The above is a hypothetical worked example. I don’t think it is what actually happened. I think it’s quite hard to establish what has happened to underlying attainment in the past half century or so, but my best guess is it has probably stayed about the same.
There are other analogies here with economics. Keynesians and Hayekians love to argue about whether inflation boosts or hinders the economy, and you could imagine a similar argument about whether grade inflation motivates or demotivates students.
But I don’t want to weigh in on that here. What I want to show with the above is that grades can be very misleading. They are essentially layered on top of underlying attainment scales, and yet very often we take them as direct measures of underlying attainment. We’ve written in more depth about the distortions this can cause here.
I would like to see some of the bigger national exams reported on a consistent underlying scale, which would make it easier to see what was happening to standards year on year. Comparative Judgement could play a part in making that happen.

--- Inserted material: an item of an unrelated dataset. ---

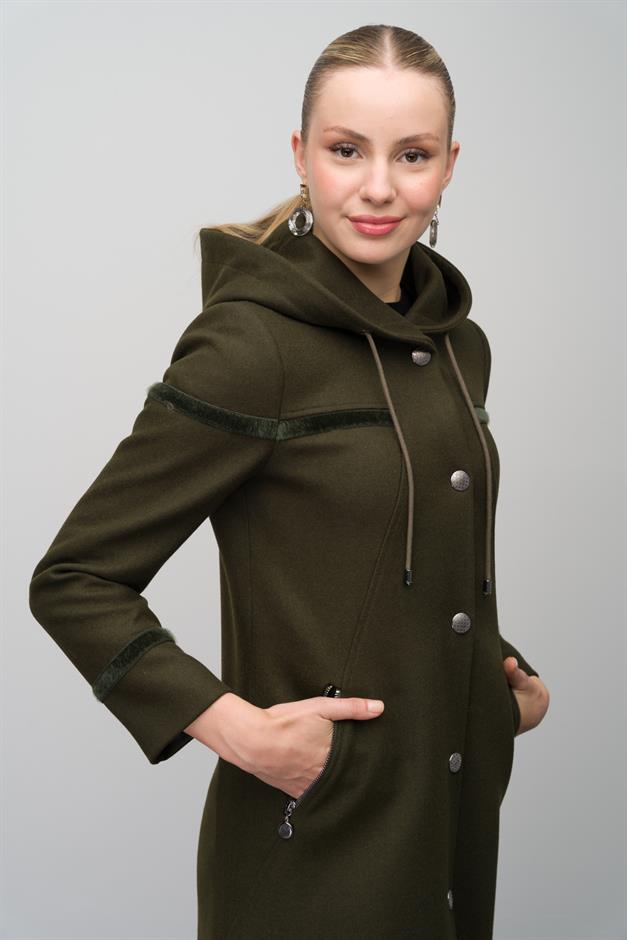 Hooded Snap Closure Wool Blend Long Coat DRAB 6631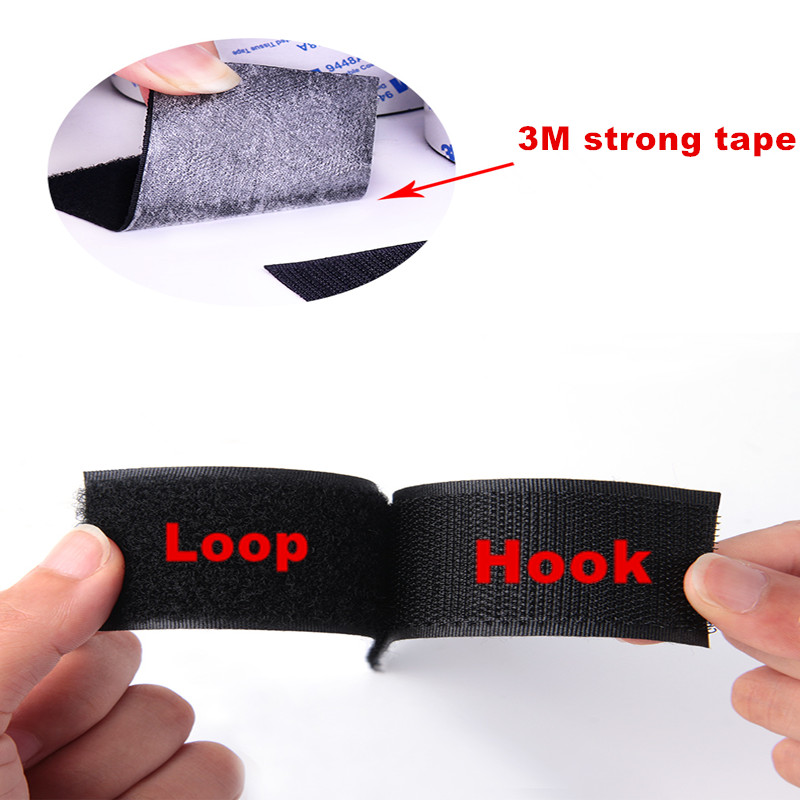 MOQ 1M 20/25/30/38/50mm Strong Self adhesive Fastener Tape nylon Hooks and Loops sticker velcros adhesive 3M Glue Magic for DIY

well it has got easier in all subjects. I looked at what my father did in his O levels took my GCSEs in 1996. I got for example A in math and science. but I struggled with a lot of what my father had to do. plus the grade boundaries where a lot higher. so not only was it harder work/questions but also harder to pass/get a decent grade. those that truly did well stuck out and did well in life.
Now doing my A levels a got B,C, D (and an E in General studies :s) I studied biology, math and chemistry. now I found those exams hard. then a few years latter they brought in modular testing, there where students getting 7, 8, 9 A-levels at A* At this point i had finished my first degree. I got a first (its worth knowing that you only need 40% to pass a degree granted its a 3rd but in all fairness employers don't actually care!)
Fast forward to now, I have helped my son with his GCSEs and A levels the questions where sooo much easier and they are handed far more in help than we where. this is not just isolated to GCSEs, A-levels etc. I did a HNC before doing my second degree as an older student I found it very easy (I was older than most that where teaching the modules) They confirmed many times that they have year on year dumbed down the syllabus, even making comments like you used to have to know how to work this out now you just need to know it exists, so no understanding regarding it.. also the number of modules needed to complete your HNC and HND had been reduced. when my dad did his HND there where only 2 people in the entire class that passed him and another. that was it. now we are getting things like 99.9% pass rate... whats the point how are you going to distinguish your self if everyone passes...
anyway i do think we are heading towards a "idiocracy" type of society.
I think I understand this. Probably. Grades comparison longitudinally are not the ‘real measure’ of actual attainment over time. Comparative judgement is a much more precise tool. Thank you.